Rate-Distortion Optimized Pragmatic Communication for Collaborative Perception¶

Conference: ICLR 2026
OpenReview: https://openreview.net/forum?id=920RxFvsMx
Code: https://github.com/gjliu9/RDcomm
Area: Autonomous Driving / Collaborative Perception
Keywords: Collaborative Perception, Rate-Distortion Theory, Information Theory, Communication Compression, Multi-Agent

TL;DR¶

This paper extends the classic Shannon rate-distortion theory into a "pragmatic rate-distortion theory" oriented towards multi-agent collaborative perception. It derives two necessary conditions for optimal communication strategies: transmitting only task-relevant information and avoiding information redundant with the receiver's observations.
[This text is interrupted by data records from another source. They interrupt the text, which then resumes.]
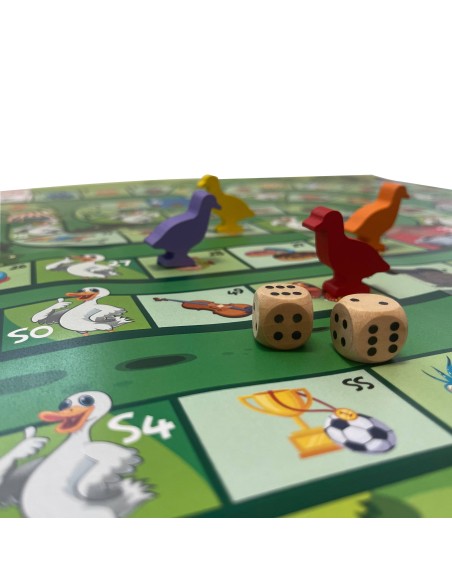 Gioca e Rigioca - Gioco dell'Oca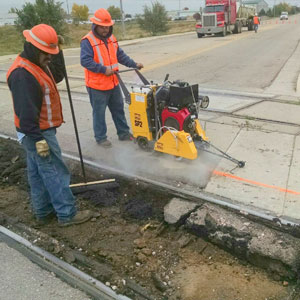 Railroad Track Maintenance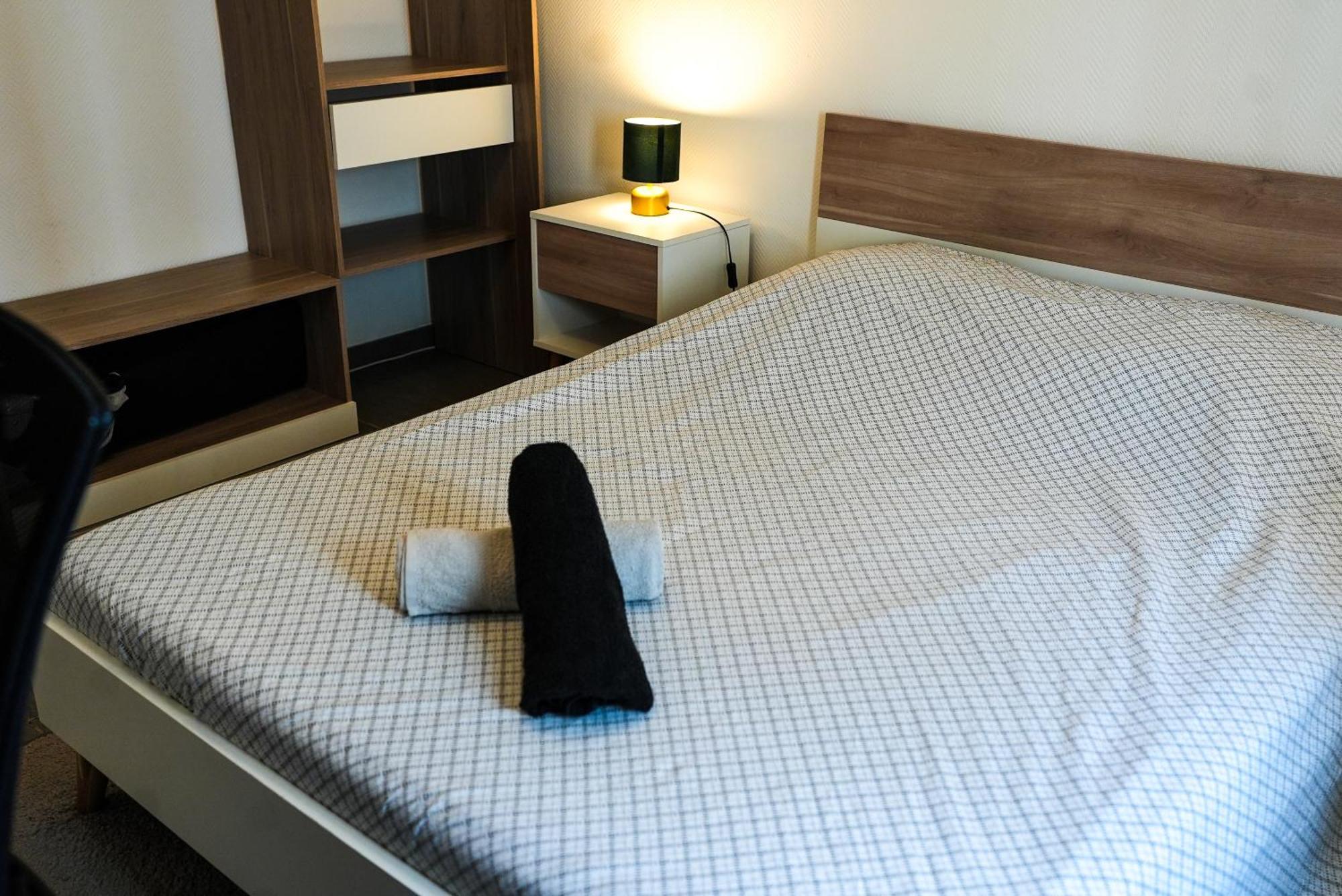 Appartement Temis Et Centre Ville Avec Parking-Wifi Besançon Exteriér fotografie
Based on these, the RDcomm framework (task-entropy discrete encoding + mutual information-driven message filtering) is designed. It achieves SOTA accuracy in 3D detection and BEV segmentation across 4 datasets while compressing communication volume by up to 108x.

Background & Motivation¶

Background: Multi-agent collaborative perception allows agents like vehicles and roadside units to share visual features, overcoming occlusions and limited fields of view in single-vehicle perspectives. It has shown significant advantages in tasks such as 3D detection and BEV segmentation. However, there is an inherent Key Challenge: the trade-off between task performance and communication volume. Sharing more information improves perception accuracy but increases bandwidth overhead, while excessive compression leads to the loss of task-critical information and performance degradation.

Limitations of Prior Work: Existing methods handle this trade-off primarily through heuristics. One category is spatial selection, which transmits only task-relevant regions (e.g., Where2comm sends high-confidence regions; CoSDH sends unobserved regions). Another is neural compression (VQ quantization, channel reduction, autoencoders). However, these methods rely on intuitive manual designs and lack theoretical support, failing to answer two fundamental questions: what to communicate and how to encode under bandwidth constraints.

Key Challenge: Although classic rate-distortion theory characterizes the optimal boundary of "bitrate vs. distortion," it is ill-suited for collaborative perception in two ways: first, it uses distortion based on reconstruction fidelity (e.g., MSE), measuring the similarity to the original signal, whereas collaborative perception focuses on task performance degradation; second, it considers single-source compression without accounting for the fact that multiple agents observe the same scene, making inter-agent observations highly redundant.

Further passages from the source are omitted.